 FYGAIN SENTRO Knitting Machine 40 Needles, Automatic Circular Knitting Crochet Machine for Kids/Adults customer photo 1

* * *

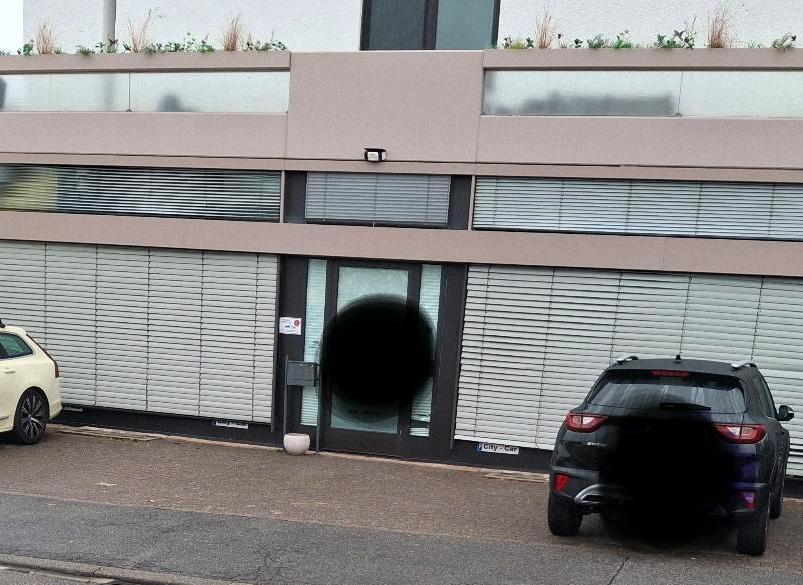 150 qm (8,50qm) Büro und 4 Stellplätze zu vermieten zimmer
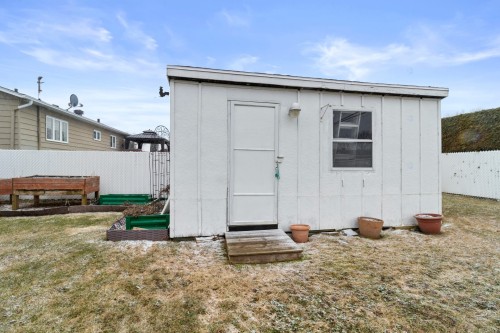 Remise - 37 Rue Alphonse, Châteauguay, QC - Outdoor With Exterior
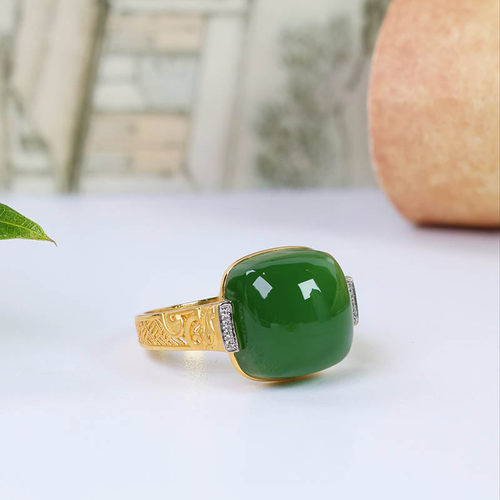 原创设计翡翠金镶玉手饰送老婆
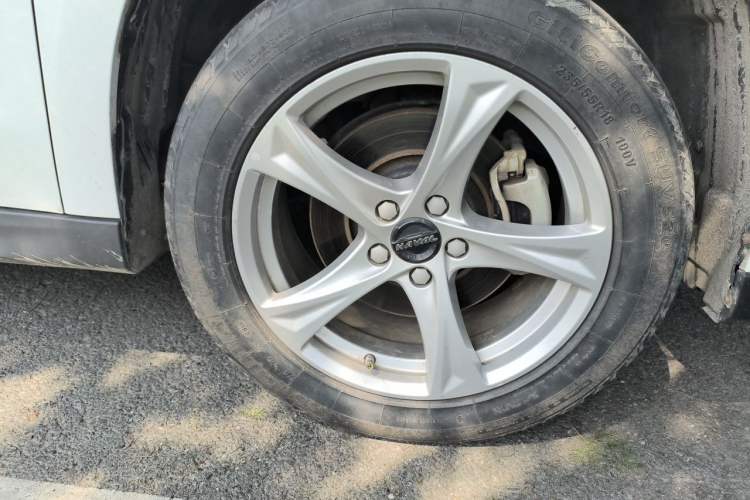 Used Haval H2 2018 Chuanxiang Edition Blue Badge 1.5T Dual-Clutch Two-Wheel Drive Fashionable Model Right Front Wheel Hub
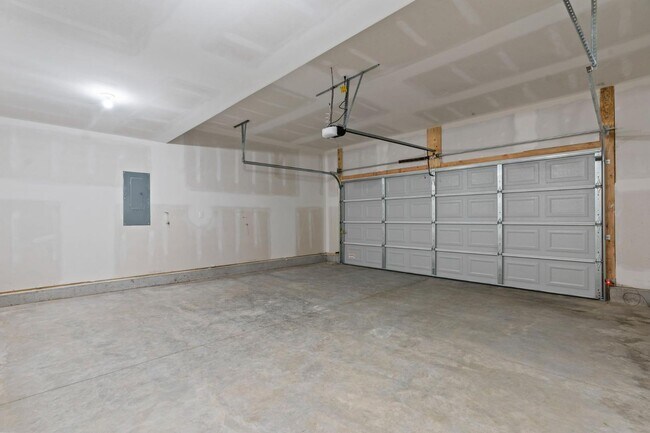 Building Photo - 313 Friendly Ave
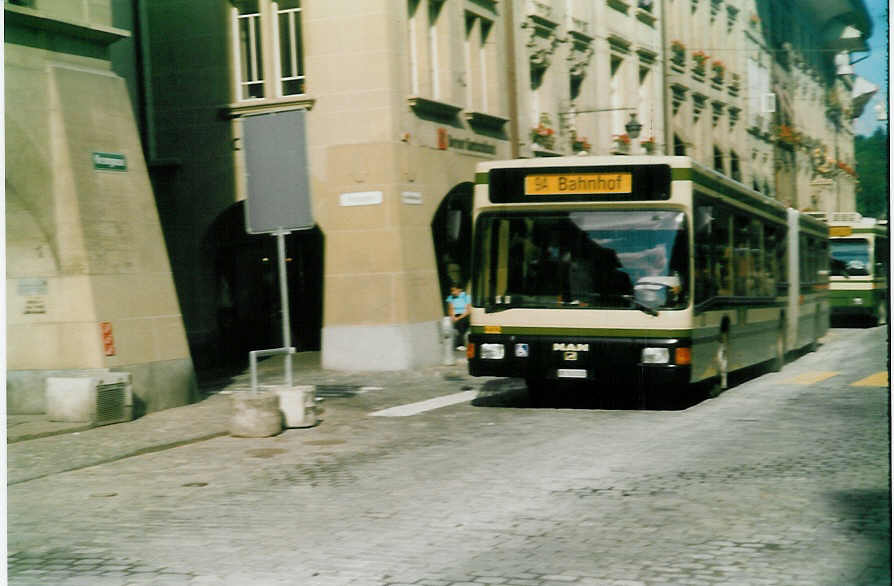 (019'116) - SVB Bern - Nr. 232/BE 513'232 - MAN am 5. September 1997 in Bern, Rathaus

- _YOUR OBJECTIVE_:
Among the entries above, take the lines from the one with "150 qm (8,50qm)" through the one with "(019'116) - SVB" and retype them exactly, leaving out the pictures.

- _ANSWER SPACE_:
 150 qm (8,50qm) Büro und 4 Stellplätze zu vermieten zimmer
 Remise - 37 Rue Alphonse, Châteauguay, QC - Outdoor With Exterior
 原创设计翡翠金镶玉手饰送老婆
 Used Haval H2 2018 Chuanxiang Edition Blue Badge 1.5T Dual-Clutch Two-Wheel Drive Fashionable Model Right Front Wheel Hub
 Building Photo - 313 Friendly Ave
 (019'116) - SVB Bern - Nr. 232/BE 513'232 - MAN am 5. September 1997 in Bern, Rathaus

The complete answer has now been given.